Ce conseil consultatif réclame une « intégration dans la charte d’une terminologie correspondant aux pratiques culturelles des populations »[9] et une reconnaissance de la « légitimité des Autorités coutumières » ce qui n’est actuellement pas le cas. La France ne saurait donc se contenter de se justifier en revendiquant dans son rapport la création de ce conseil consultatif mis en place en juin 2010.
Par ailleurs, les règlements qui gèrent la vie des peuples autochtones leur sont majoritairement imposés sans que jamais leurs consentements soient recherchés et que les moyens leur soient donnés pour exprimer leur avis. S’en suit une grande détresse des populations amérindiennes du Haut Maroni entrainant une proportion de suicides plus de dix fois supérieures à la moyenne nationale.
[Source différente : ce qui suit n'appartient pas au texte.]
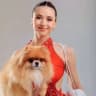 MAX-канал KAMILA VALIEVA LOVE| OFFICIAL GROUP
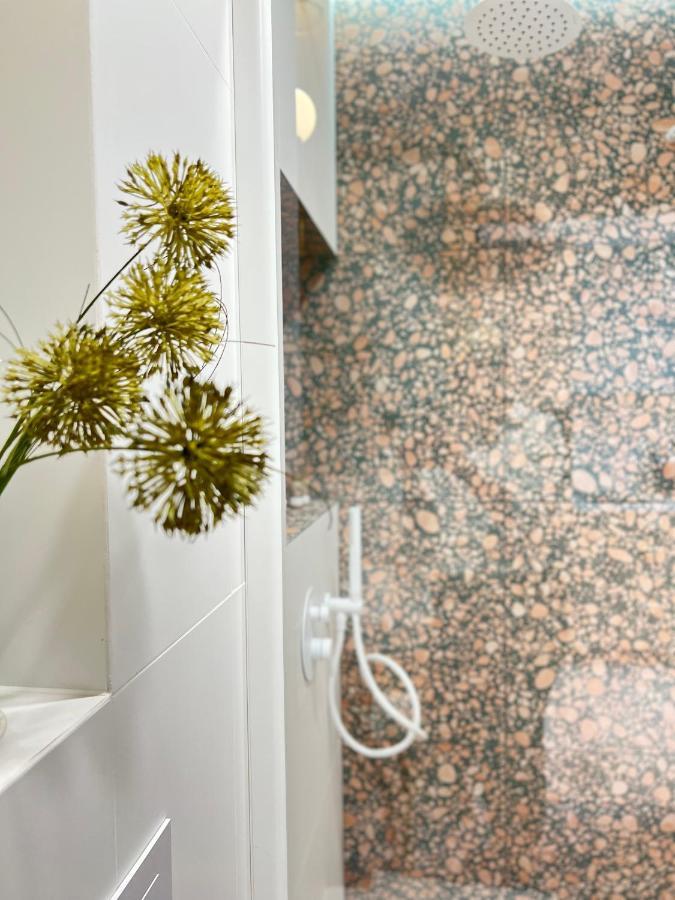 Monciak55 Sopot Apartments 外观 照片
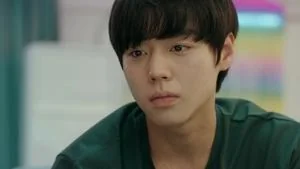 Episode 6 still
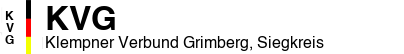 Klempner Verbund Grimberg, Siegkreis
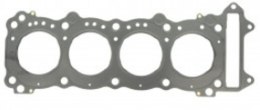 ATHENA USZCZELKA POD GŁOWICĘ ( GŁOWICY ) SUZUKI GSXR 1300 HAYABUSA '99-'07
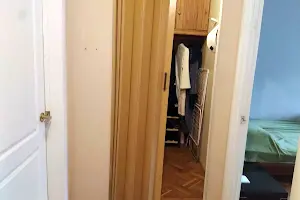 квартира по адресу Владислава Бувалкина ул. (Бочарова Генерала), 12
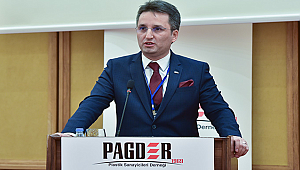 Artan Enerji Maliyetleri Sanayi Üretimini Vurabilir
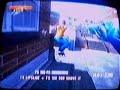 THP8 PS2 THP8 PS2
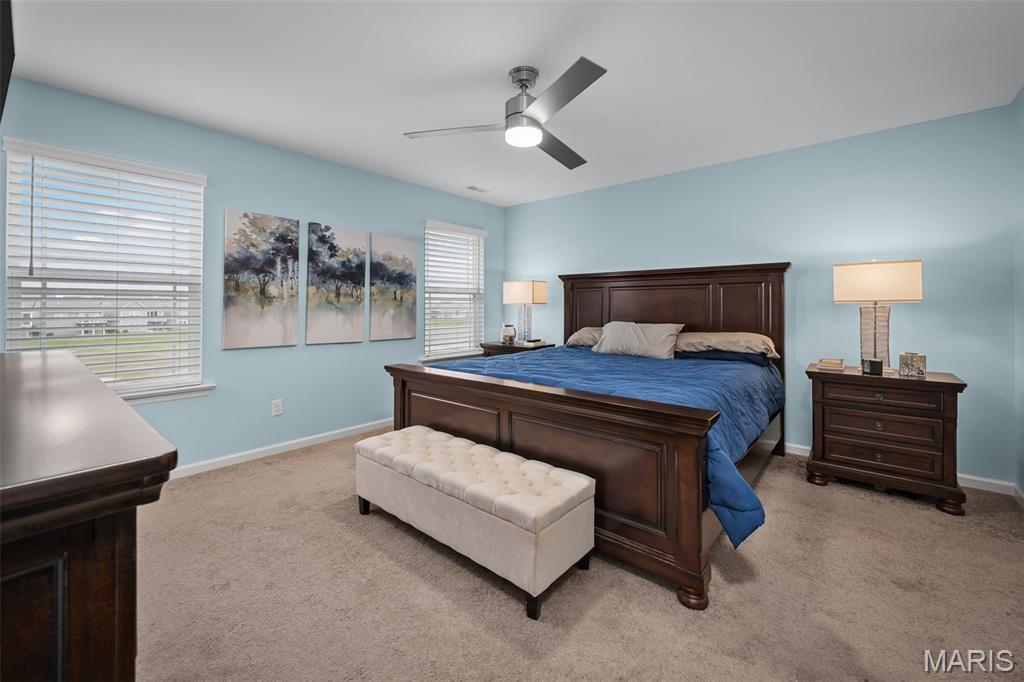 434 Copperfield Court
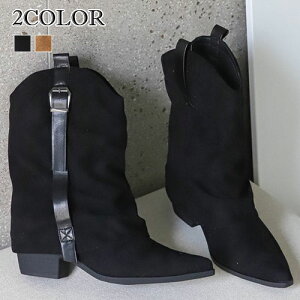 2FEGX^u[c fB[X V[Y XG[h q[ u[c EGX^ ~ V[Y fB[X ~hu[c  g n[tu[c fB[X C ~ V[Y EGX^ ~u[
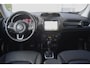 Jeep Renegade 1.5T e-Hybrid Altitude LEER/CAMERA/STOEL VERWARMING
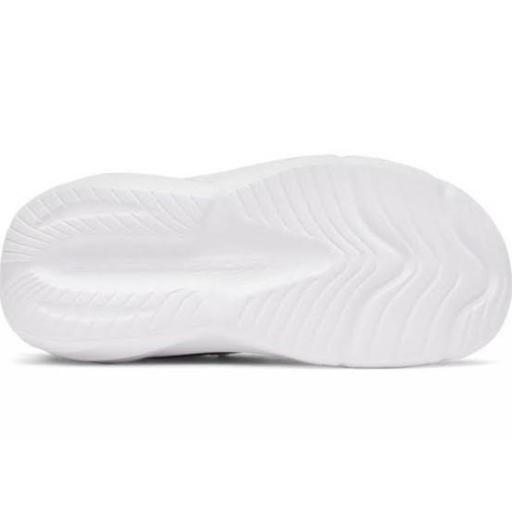 Zapatillas Under Armour BPS Surge Velcro Marino [3]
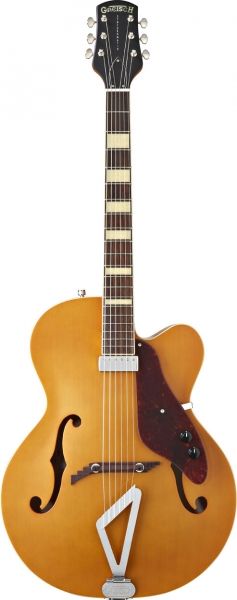 Gretsch_G100CE-Copy
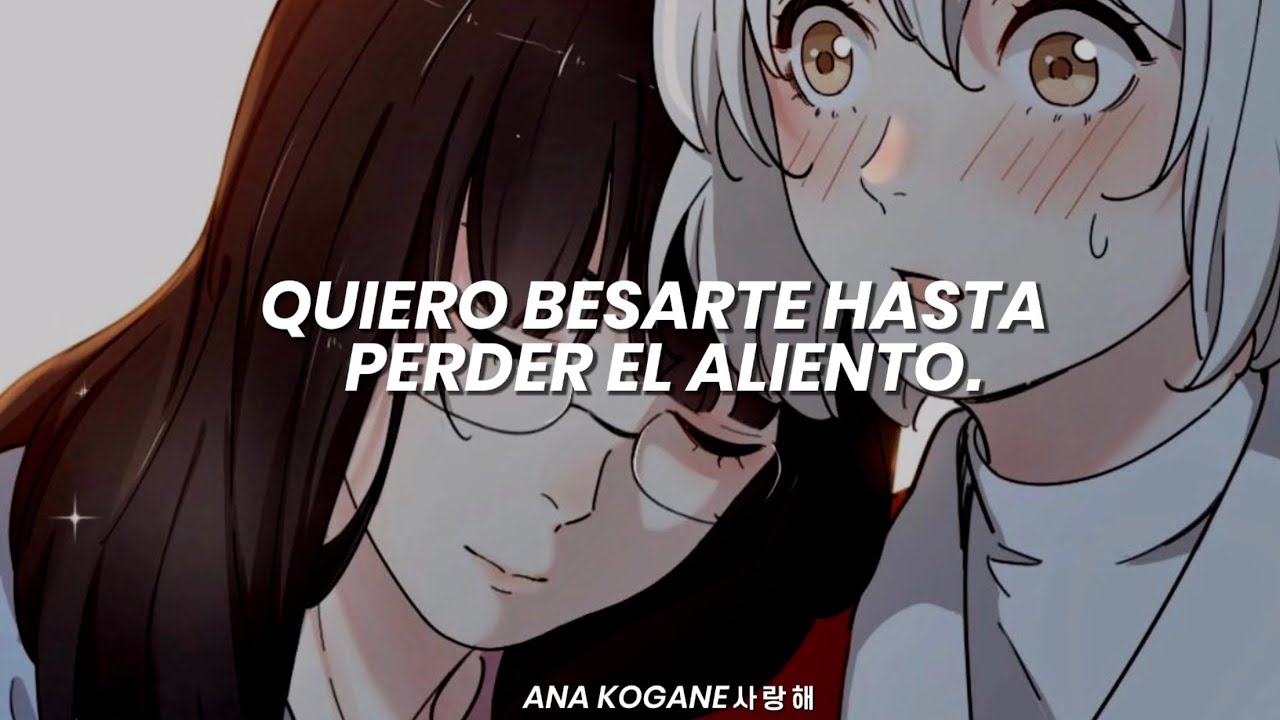 She's still pretty today  - I wanna be your girlfriend  | Sub. Español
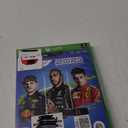 F1 2021 - Xbox One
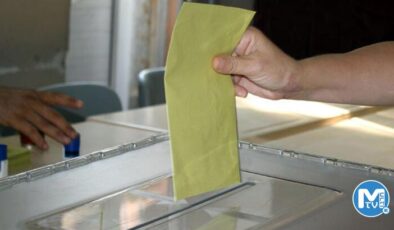 Bakanlık sayısı 24’e çıkabilir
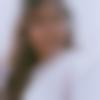 woman seeking men Buldhana near me photo - Reva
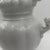 Early 20th Century Early 20th Century Alfred Meakin Royal Ironstone White Pitcher For Sale - Image 5 of 12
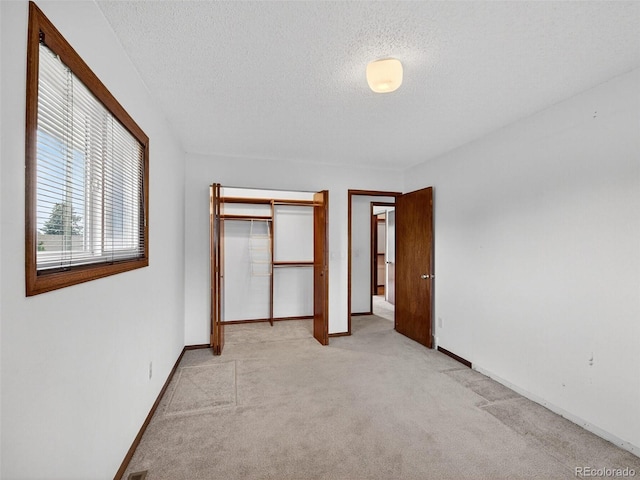 4822 Flora Ct, Golden, CO 80403 - photo 26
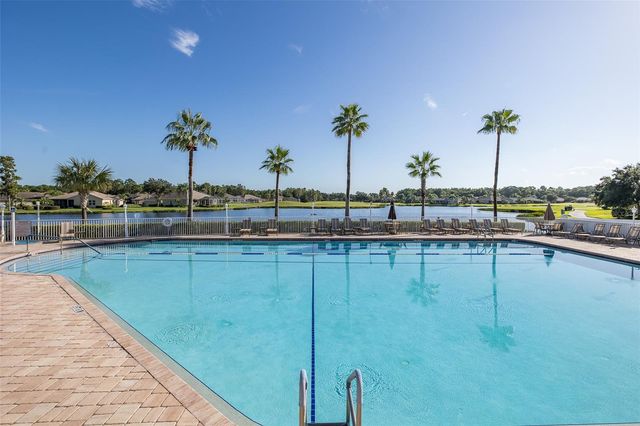 11428 HIDDEN COVE COURT, New Port Richey, FL 34655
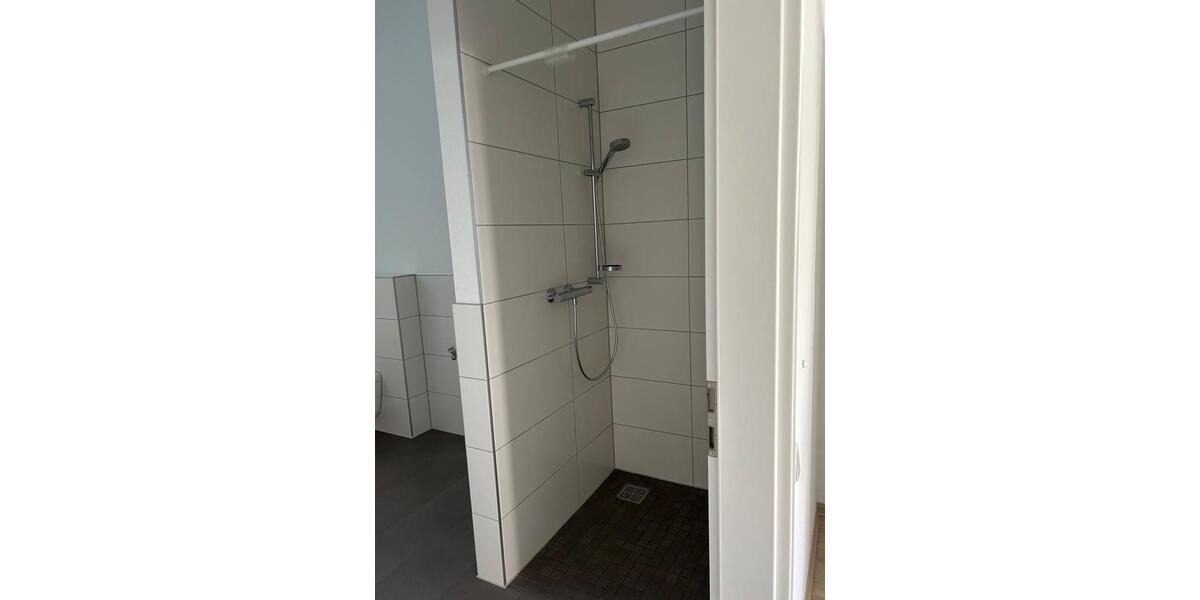 Erdgeschoßwohnung Grünberg - 2.5 Zimmer, 78 m&sup2;, 950&euro; | Angebot:26610189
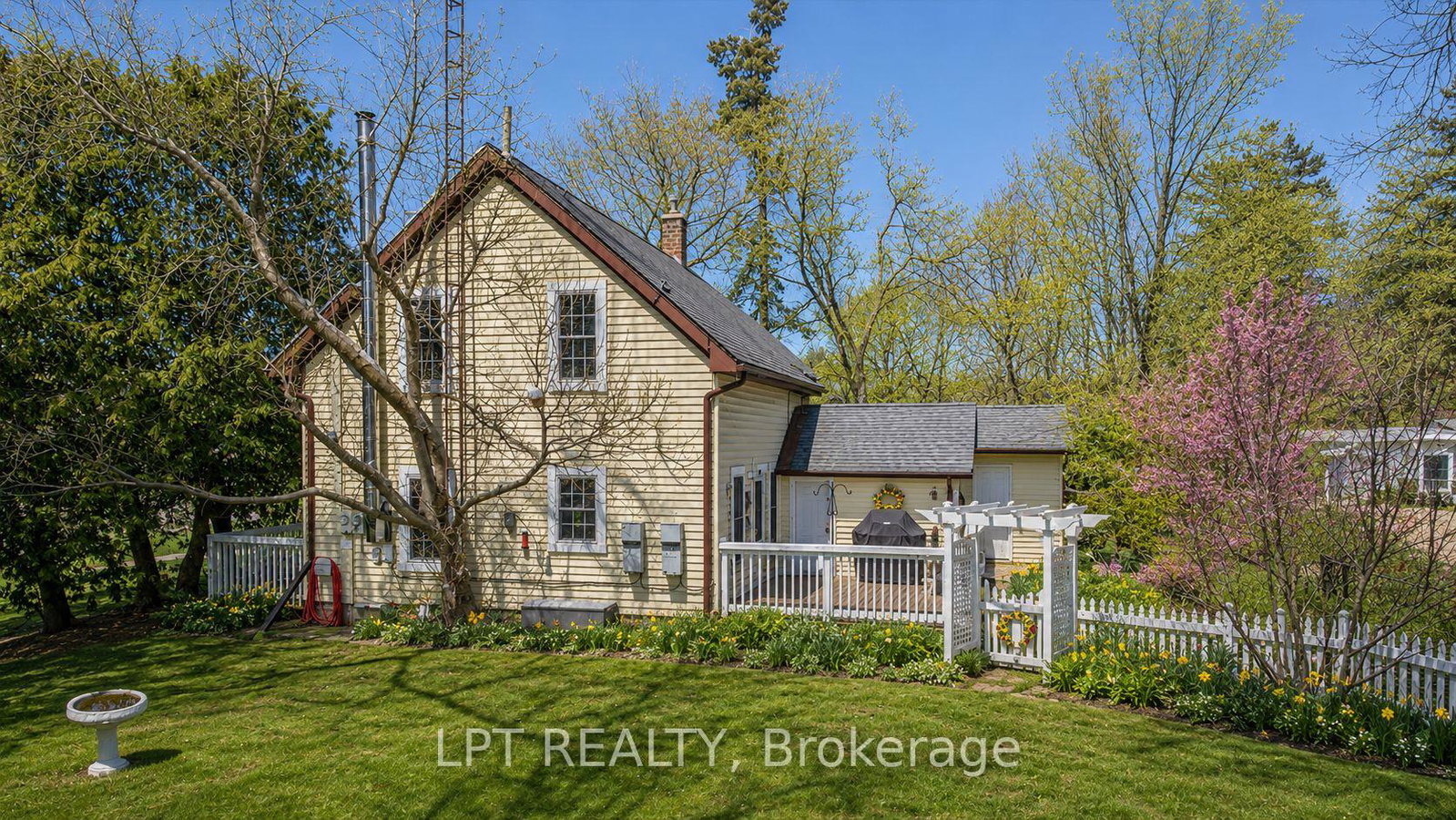 3472-monck-road-kawartha-lakes-ontario-x12778684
Une sécurité des populations non-garantie : orpaillage illégal et empoisonnement au mercure
Les Amérindiens du Haut Maroni, Wayanas, Tekos et Apalai subissent de plein fouet les conséquences de l’échec de la lutte contre l’orpaillage illégal sur leur territoire. Les opérations militaires se soldent par des échecs et la sécurité n’est pas assurée de façon pérenne. Ils subissent de nombreux vols et n’ont plus accès à leurs territoires de chasse et à leurs cultures fruitières et légumières. Les cours d’eau sont si pollués au mercure que les poissons qui constituent leur principal apport de protéine et leur nourriture traditionnelle les empoisonnent systématiquement : les derniers rapports montrent que cette contamination se maintient à des taux élevés bien supérieurs aux recommandations de l’OMS. Les solutions préconisées de renoncer à leur alimentation traditionnelle vont également dans le sens d’une destruction de leur culture.
Les associations ADER, solidarité Guyane et GITPA ont publié en 2014 un rapport sur les peuples autochtones de Guyane[10] où il est mentionné :
« La Guyane est gangrénée par l’orpaillage illégal et les principales victimes sont les peuples autochtones Wayana, Teko et Wayapi des régions du Haut‐Maroni et du Haut‐Oyapock. Les zones de subsistance de ces populations sont gravement polluées par le mercure issu de l’activité des orpailleurs (même au sein du Parc Amazonien de Guyane). Les autorités ont officiellement recensé sur le territoire guyanais 771 sites illégaux (et plus de 12 000 travailleurs clandestins, très majoritairement brésiliens).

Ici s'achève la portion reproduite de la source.